2D Matrix operation

Hi guys:

I’m really stuck in how to allocate device memory for store data from cpu. Should I make it in vector way? I’m a beginner in CUDA, is that very weird and rare to create a 2D Matrix like A[ROW][COL]? I saw some examples, they all make the matrix like [u]A[i * ROW + j][/u].

Thank you for your reply guys!

a) from a parallel perspective, how would you access (read/ write) a 2d matrix?

b) from a parallel perspective, do A[ROW][COL] and A[i * ROW + j] differ? if so, how?

i suppose A[row][col] could be interpreted as a loose form of index notation

however, if it is strict interpreted as implying what it implies: a number of arrays, n == rows, each with depth col, you may soon run into trouble, particularly when elements within the array wish to ‘wrap around’; rather related to element coalescence as well

i am not even sure whether one would even use a[r][c] for host code, for more or less the same reason
i have heard the argument that a[r][c] caches poorly, compared to a[r; c]

There are CUDA routines to create 2D matrices.
They seem to work fine.

“There are CUDA routines to create 2D matrices”

undisputed; but this equally begs the question: how do such routines allocate the 2d matrix - as a flat 1d array, or as an array of arrays?

If you want to access a doubly-subscripted array on the device (which originated on the host):

int i = global_data[y];

Then this will require a somewhat involved copy sequence from host to device. If you google “CUDA 2D array” you’ll get some idea of what is involved. This is generically in the category of mechanisms requiring a “deep copy” operation, which generally is a form of a nested-copy.

Because of the difficulty associated with deep-copy, it’s often suggested that you “linearize” or “flatten” your data so that it can be referenced using a single pointer (*) instead of a double pointer (**). To “simulate” 2D access to such an array, you can then do something like:

int i = global_data[y*width+x];

For beginning programmers, and without knowing anything further about your code, I think this is the most sensible recommendation.

Other approaches may include:

  1. Do a full deep copy, a fully-worked generic example is given in the first answer here:


  1. Use host-mapped memory.

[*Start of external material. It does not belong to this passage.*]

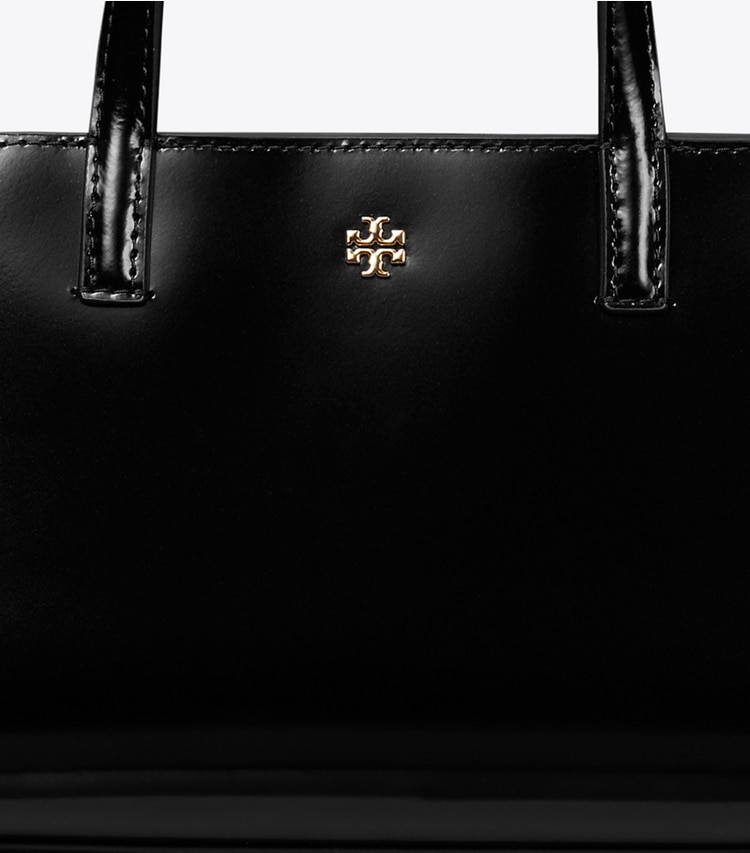 Tory Burch designer crossbody bags Mini Patent Leather Tote in BLACK detail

This will generally result in pretty slow access to the data.
  2. Use CUDA Unified Memory (refer to the programming guide and the blog article:


  1. If you know the width of your 2D array at compile time, you can create a set of typedefs that will leverage the compiler to help you, and allow you to use essentially 1D allocations and copies, while still retaining doubly-subscripted access to the data on both host and device. A worked example is given in the answer here:


It’s actually a 3D example, but you should be able to reduce it to 2D in a straightforward manner.

CUDA routines such as cudaMallocPitch and cudaMemcpy2D, despite their names, do not directly handle doubly-subscripted (i.e. double pointer) arrays. You can easily observe this simply by inspecting the parameters to such functions. cudaMemcpy2D does not expect double-pointer (**) parameters. Therefore they don’t directly facilitate doubly-subscripted access in device code. They have a different purpose, which is related to efficient access of data structure that have a 2D nature to them (i.e. that will be accessed in certain patterns).

Really appreciate your answer! Learnt a lot!